• PROBLEM:
Copy the following data exactly and drop the pictures.

• GIVEN MATERIAL:
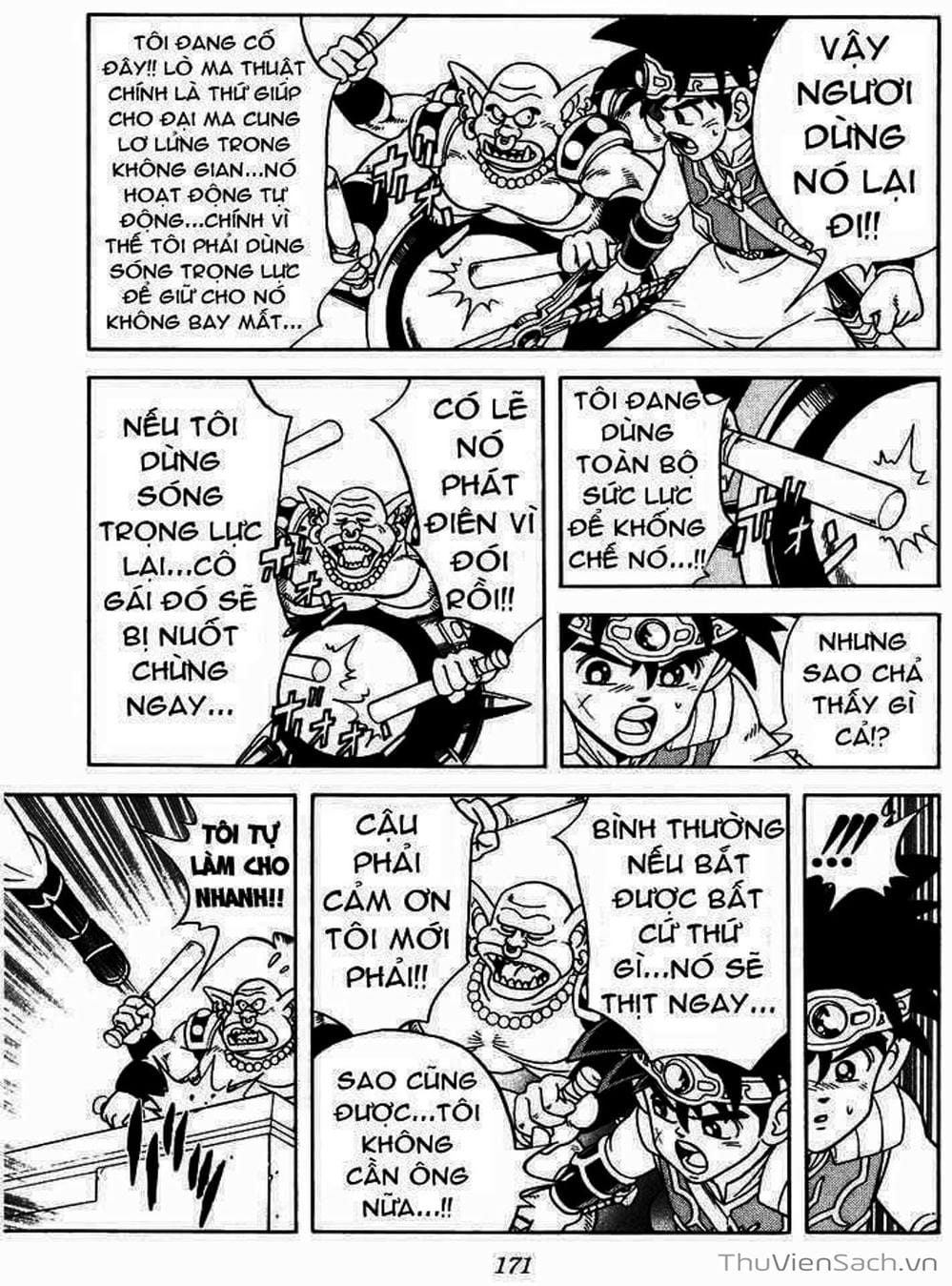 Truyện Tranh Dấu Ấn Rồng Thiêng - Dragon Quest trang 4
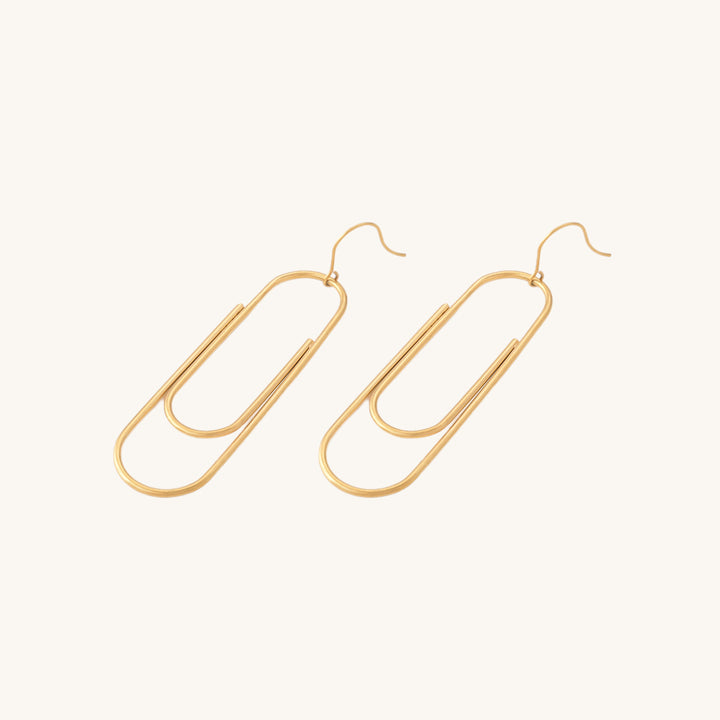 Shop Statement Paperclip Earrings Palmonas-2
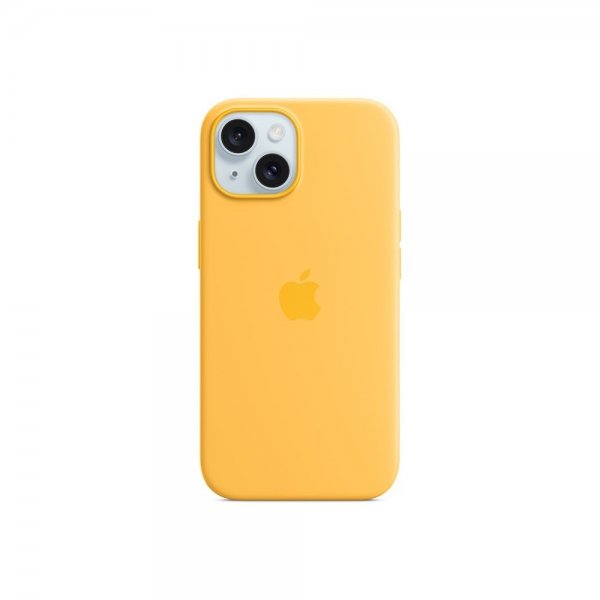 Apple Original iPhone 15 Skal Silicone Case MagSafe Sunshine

• ANSWER SECTION:
 Truyện Tranh Dấu Ấn Rồng Thiêng - Dragon Quest trang 4
 Shop Statement Paperclip Earrings Palmonas-2
 Apple Original iPhone 15 Skal Silicone Case MagSafe Sunshine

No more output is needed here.